Your task
Only the lines from the one containing "Partners Brand Corrugated" through the end of the listing are to be repeated, exactly and without pictures.

Task input

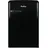 15624-1 Retro-Kühlschrank (120 l, 875 mm hoch, Schwarz)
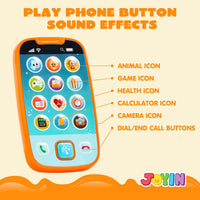 JOYIN Kids Learning Phone and Remote Toy - White Phone and Remote Toy with Horse - image 4
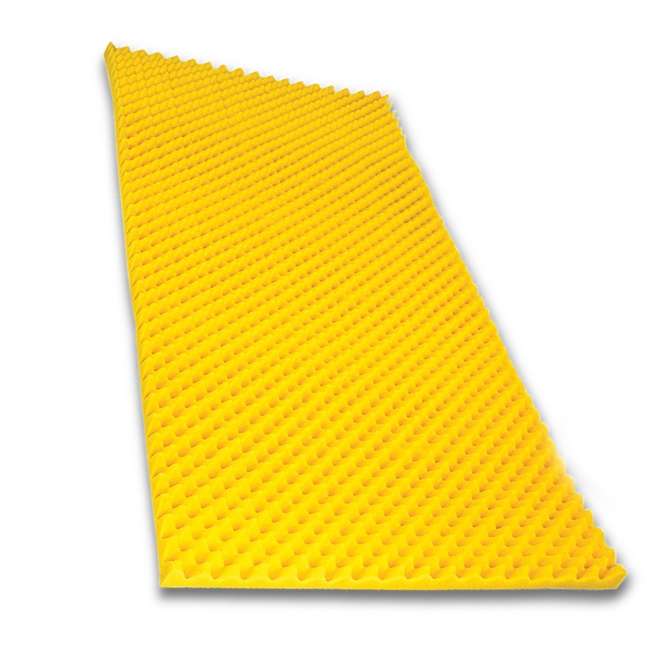 Colchão Piramidal Luck Stress D18 185x85x04cm Amarelo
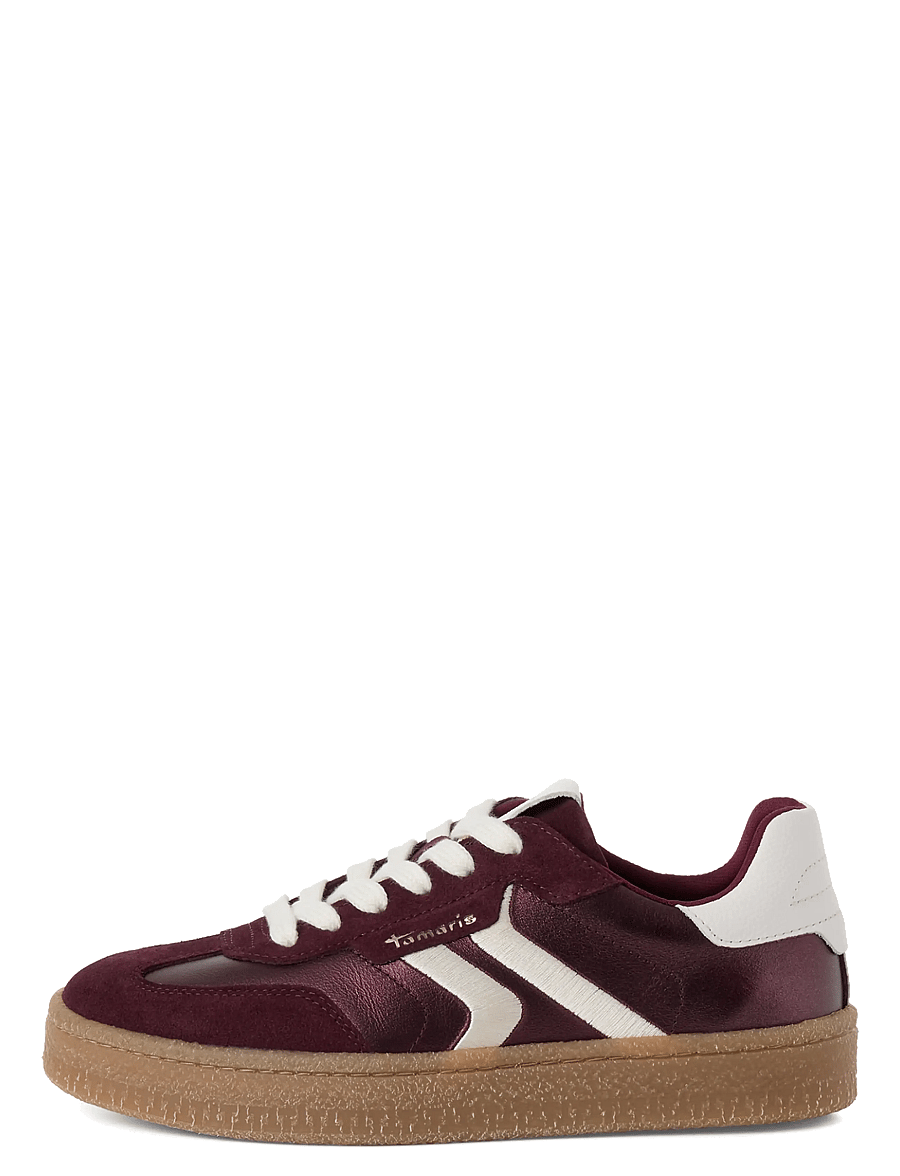 Tamaris - Women Lace-up - madala säärega tossud - bordeaux metallic - 1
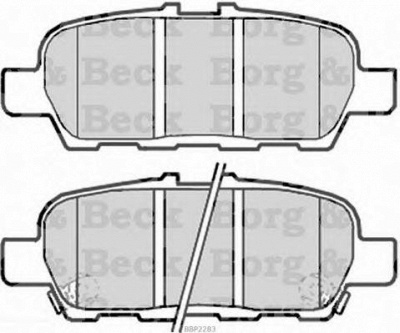 BORG & BECK bbp2283 -  Комплект тормозных колодок, дисковый тормоз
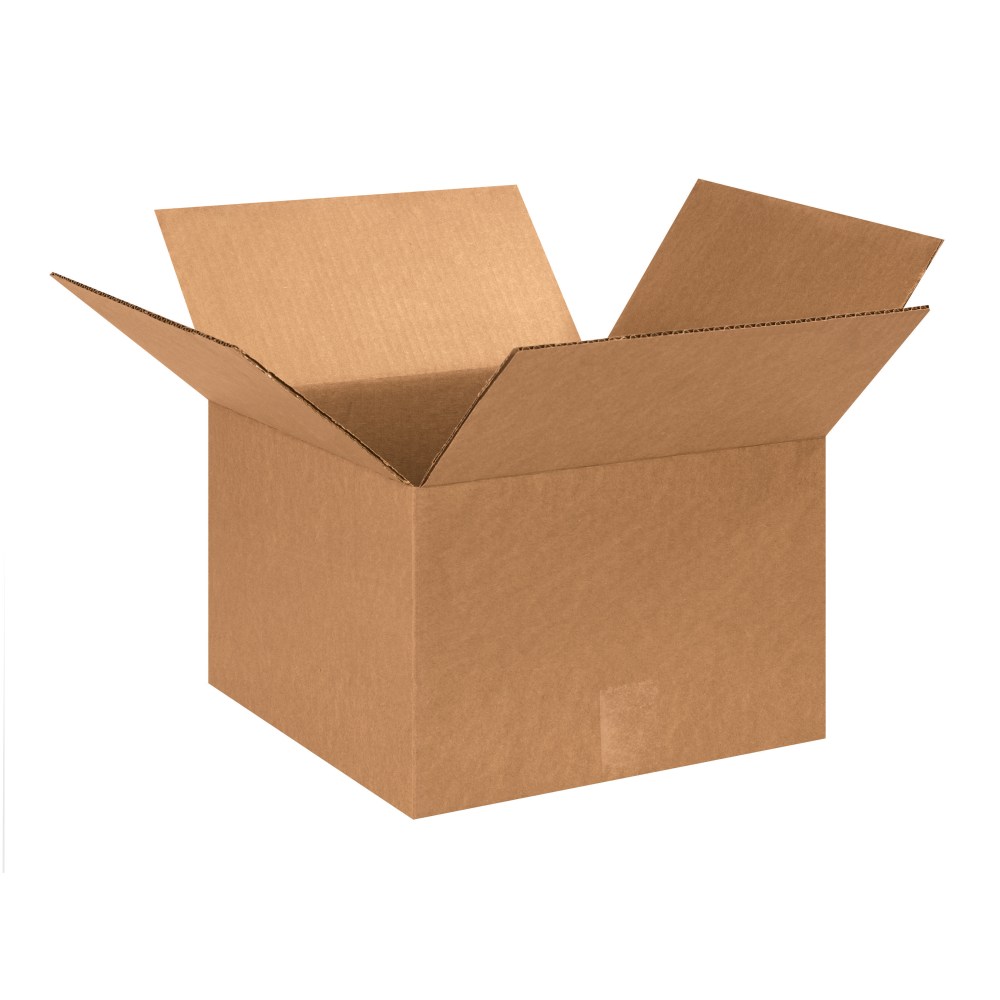 Partners Brand Corrugated Boxes, 13in x 13in x 9in, Kraft, Pack Of 25 MPN:13139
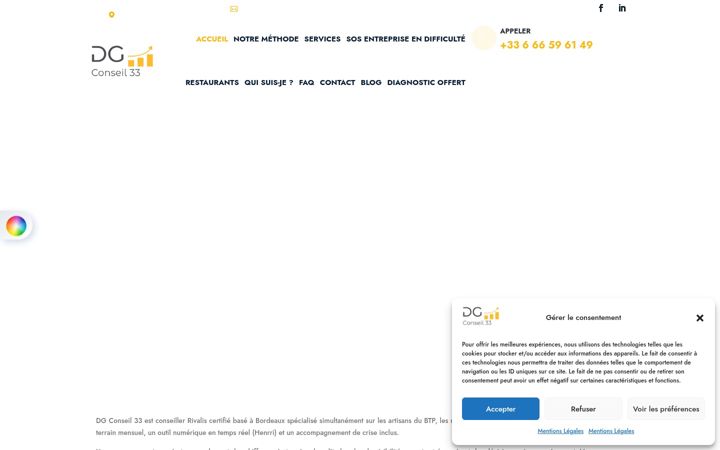 Screenshot of dgconseil33.fr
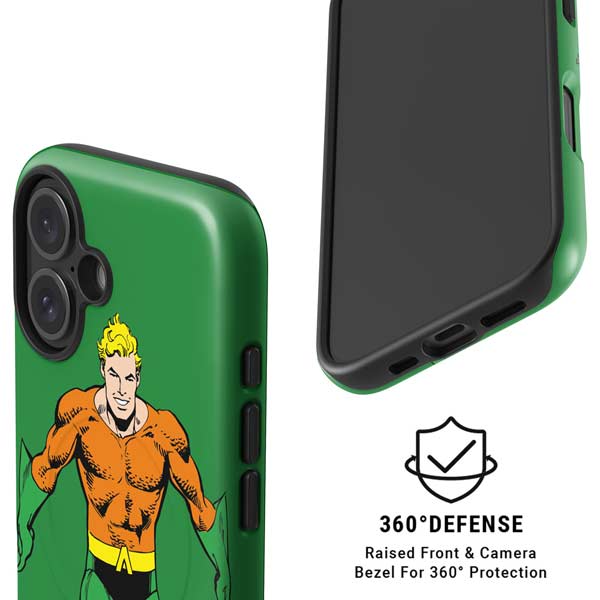 DC Comics Aquaman Classic Art Pose iPhone 16 Magsafe Impact Case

Your response
 Partners Brand Corrugated Boxes, 13in x 13in x 9in, Kraft, Pack Of 25 MPN:13139
 Screenshot of dgconseil33.fr
 DC Comics Aquaman Classic Art Pose iPhone 16 Magsafe Impact Case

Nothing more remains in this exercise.